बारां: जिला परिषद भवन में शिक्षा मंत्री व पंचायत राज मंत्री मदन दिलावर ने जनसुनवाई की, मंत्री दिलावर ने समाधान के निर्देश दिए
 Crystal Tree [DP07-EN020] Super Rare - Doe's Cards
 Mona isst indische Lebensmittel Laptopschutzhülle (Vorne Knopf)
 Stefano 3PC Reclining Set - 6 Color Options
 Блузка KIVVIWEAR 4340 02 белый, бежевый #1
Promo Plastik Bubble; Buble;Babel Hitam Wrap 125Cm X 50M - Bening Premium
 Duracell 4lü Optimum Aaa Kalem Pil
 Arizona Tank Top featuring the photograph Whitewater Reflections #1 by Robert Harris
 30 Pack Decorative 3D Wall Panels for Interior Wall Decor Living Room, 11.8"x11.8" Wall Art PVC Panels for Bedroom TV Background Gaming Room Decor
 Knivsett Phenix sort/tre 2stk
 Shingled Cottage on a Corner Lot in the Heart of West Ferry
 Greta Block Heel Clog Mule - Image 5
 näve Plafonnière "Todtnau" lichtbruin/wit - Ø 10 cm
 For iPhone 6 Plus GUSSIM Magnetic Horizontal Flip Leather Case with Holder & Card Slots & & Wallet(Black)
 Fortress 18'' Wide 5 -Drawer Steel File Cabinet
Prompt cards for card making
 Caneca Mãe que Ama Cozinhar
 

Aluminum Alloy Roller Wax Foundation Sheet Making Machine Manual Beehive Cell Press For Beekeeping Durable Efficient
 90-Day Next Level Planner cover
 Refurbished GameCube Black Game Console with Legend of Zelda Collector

□ □ □ □ □

* _TASK INSTRUCTIONS_
Starting with the first entry and ending with the last, give all of them again unchanged.

* _EXERCISE RESPONSE_
बारां: जिला परिषद भवन में शिक्षा मंत्री व पंचायत राज मंत्री मदन दिलावर ने जनसुनवाई की, मंत्री दिलावर ने समाधान के निर्देश दिए
 Crystal Tree [DP07-EN020] Super Rare - Doe's Cards
 Mona isst indische Lebensmittel Laptopschutzhülle (Vorne Knopf)
 Stefano 3PC Reclining Set - 6 Color Options
 Блузка KIVVIWEAR 4340 02 белый, бежевый #1
Promo Plastik Bubble; Buble;Babel Hitam Wrap 125Cm X 50M - Bening Premium
 Duracell 4lü Optimum Aaa Kalem Pil
 Arizona Tank Top featuring the photograph Whitewater Reflections #1 by Robert Harris
 30 Pack Decorative 3D Wall Panels for Interior Wall Decor Living Room, 11.8"x11.8" Wall Art PVC Panels for Bedroom TV Background Gaming Room Decor
 Knivsett Phenix sort/tre 2stk
 Shingled Cottage on a Corner Lot in the Heart of West Ferry
 Greta Block Heel Clog Mule - Image 5
 näve Plafonnière "Todtnau" lichtbruin/wit - Ø 10 cm
 For iPhone 6 Plus GUSSIM Magnetic Horizontal Flip Leather Case with Holder & Card Slots & & Wallet(Black)
 Fortress 18'' Wide 5 -Drawer Steel File Cabinet
Prompt cards for card making
 Caneca Mãe que Ama Cozinhar
 

Aluminum Alloy Roller Wax Foundation Sheet Making Machine Manual Beehive Cell Press For Beekeeping Durable Efficient
 90-Day Next Level Planner cover
 Refurbished GameCube Black Game Console with Legend of Zelda Collector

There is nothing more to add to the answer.